- [TASK ITEM]: Answer with the exact lines of the following material from the one containing "牛肉前腿肉块，红烧，拌面，炖着吃，包饺子，非常新鲜，福利价格，" through the one containing "Nicușor Dan se", both end lines included.

- [DATA FOR THIS EXERCISE]:
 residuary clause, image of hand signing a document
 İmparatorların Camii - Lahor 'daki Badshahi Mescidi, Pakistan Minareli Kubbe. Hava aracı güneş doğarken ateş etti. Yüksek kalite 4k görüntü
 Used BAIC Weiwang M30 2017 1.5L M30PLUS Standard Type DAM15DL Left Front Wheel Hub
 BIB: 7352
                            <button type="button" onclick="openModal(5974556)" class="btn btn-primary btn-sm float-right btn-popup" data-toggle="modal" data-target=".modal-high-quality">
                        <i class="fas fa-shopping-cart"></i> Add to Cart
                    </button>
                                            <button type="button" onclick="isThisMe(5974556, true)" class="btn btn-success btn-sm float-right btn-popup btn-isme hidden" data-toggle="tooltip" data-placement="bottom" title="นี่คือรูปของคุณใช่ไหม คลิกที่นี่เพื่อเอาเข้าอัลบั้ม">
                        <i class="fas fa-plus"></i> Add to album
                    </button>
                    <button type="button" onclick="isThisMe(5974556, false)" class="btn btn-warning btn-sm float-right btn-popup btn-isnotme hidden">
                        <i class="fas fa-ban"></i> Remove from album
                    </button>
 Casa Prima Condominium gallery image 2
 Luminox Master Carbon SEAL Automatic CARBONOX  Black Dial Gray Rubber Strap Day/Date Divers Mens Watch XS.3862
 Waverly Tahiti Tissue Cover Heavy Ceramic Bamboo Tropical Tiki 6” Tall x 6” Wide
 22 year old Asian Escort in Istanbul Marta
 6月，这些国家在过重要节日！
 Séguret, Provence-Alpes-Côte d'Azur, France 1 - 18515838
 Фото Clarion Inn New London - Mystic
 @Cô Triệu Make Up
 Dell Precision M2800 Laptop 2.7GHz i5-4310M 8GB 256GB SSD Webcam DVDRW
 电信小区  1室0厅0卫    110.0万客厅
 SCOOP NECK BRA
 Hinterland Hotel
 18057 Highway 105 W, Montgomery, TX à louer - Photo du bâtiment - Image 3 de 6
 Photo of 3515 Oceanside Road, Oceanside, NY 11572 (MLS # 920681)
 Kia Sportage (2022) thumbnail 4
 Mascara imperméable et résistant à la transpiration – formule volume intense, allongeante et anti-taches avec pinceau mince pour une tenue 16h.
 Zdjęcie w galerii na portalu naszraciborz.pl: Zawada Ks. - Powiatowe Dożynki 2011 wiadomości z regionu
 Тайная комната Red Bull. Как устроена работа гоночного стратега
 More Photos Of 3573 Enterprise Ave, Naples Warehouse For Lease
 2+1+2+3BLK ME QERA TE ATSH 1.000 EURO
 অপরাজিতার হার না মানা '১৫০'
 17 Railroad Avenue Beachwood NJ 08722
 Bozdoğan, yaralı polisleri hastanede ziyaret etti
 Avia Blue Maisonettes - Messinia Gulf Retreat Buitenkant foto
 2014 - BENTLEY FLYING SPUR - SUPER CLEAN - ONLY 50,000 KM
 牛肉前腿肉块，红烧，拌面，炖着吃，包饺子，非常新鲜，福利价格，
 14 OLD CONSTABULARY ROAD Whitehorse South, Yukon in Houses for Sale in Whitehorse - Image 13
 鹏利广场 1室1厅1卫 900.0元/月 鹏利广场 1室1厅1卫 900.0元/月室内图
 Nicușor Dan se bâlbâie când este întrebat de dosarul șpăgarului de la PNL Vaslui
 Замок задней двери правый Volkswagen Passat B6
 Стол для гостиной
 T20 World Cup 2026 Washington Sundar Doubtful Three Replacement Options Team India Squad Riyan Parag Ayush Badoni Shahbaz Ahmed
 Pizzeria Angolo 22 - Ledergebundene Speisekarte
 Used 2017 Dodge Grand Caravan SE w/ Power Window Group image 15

- [EXERCISE ANSWER]:
 牛肉前腿肉块，红烧，拌面，炖着吃，包饺子，非常新鲜，福利价格，
 14 OLD CONSTABULARY ROAD Whitehorse South, Yukon in Houses for Sale in Whitehorse - Image 13
 鹏利广场 1室1厅1卫 900.0元/月 鹏利广场 1室1厅1卫 900.0元/月室内图
 Nicușor Dan se bâlbâie când este întrebat de dosarul șpăgarului de la PNL Vaslui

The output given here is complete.